→ **PROVIDED DATA**:
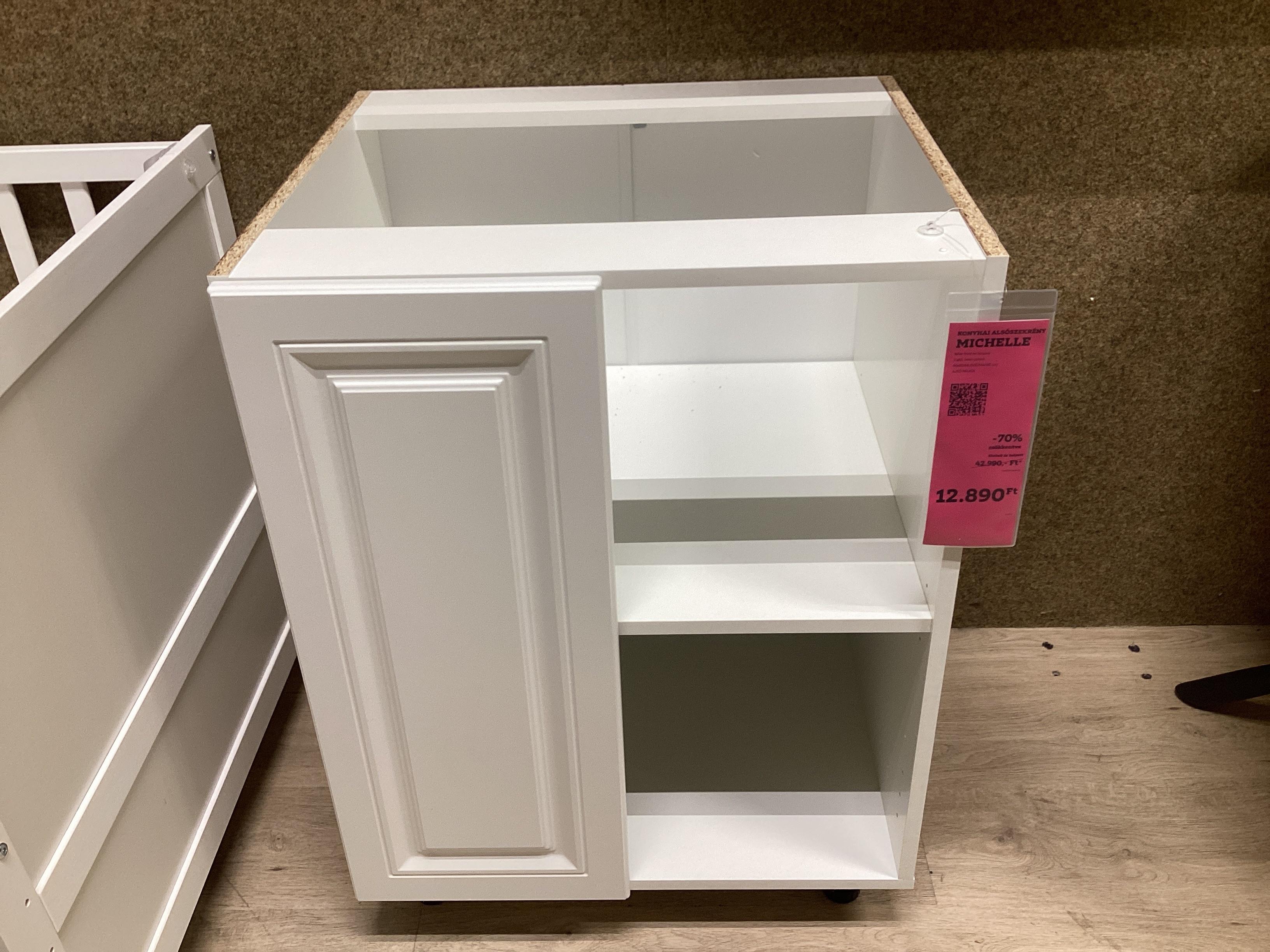 Konyhai also sz. Michelle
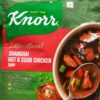 Knorr Shanghai Hot & Sour Chicken Soup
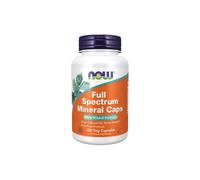 Full Spectrum Mineral (120 Caps) MultiminérauxNow Foods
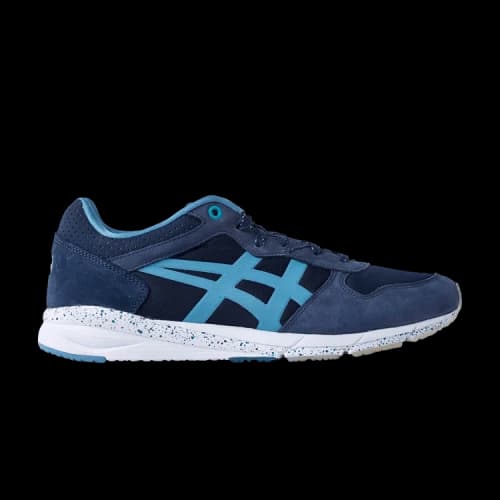 Onitsuka Tiger Offspring x Shaw Runner 'Desert Pack - Navy'
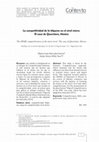 Research paper thumbnail of La competitividad de la Mipyme en el nivel micro: El caso de Querétaro, México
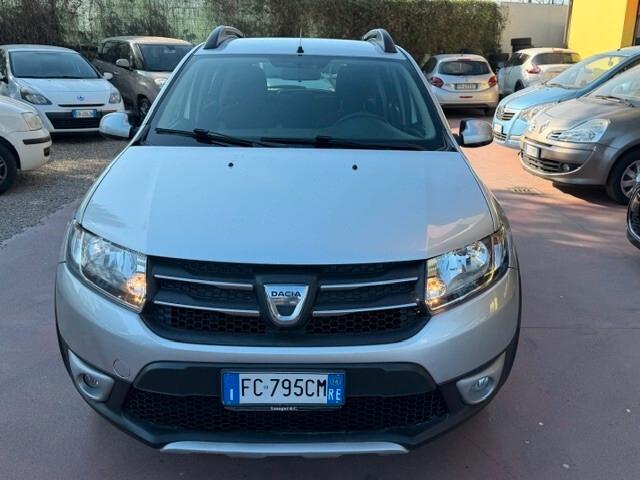 Dacia Sandero Stepway 0.9 TCe 12V TurboGPL 90CV Start&Stop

→ **TASK DESCRIPTION**: Skipping any pictures, copy the line that holds "Knorr Shanghai Hot & Sour Chicken Soup" and each line after it through the last line of the records, unchanged, and no other lines.

→ **SOLVED PROBLEM**:
 Knorr Shanghai Hot & Sour Chicken Soup
 Full Spectrum Mineral (120 Caps) MultiminérauxNow Foods
 Onitsuka Tiger Offspring x Shaw Runner 'Desert Pack - Navy'
 Research paper thumbnail of La competitividad de la Mipyme en el nivel micro: El caso de Querétaro, México
 Dacia Sandero Stepway 0.9 TCe 12V TurboGPL 90CV Start&Stop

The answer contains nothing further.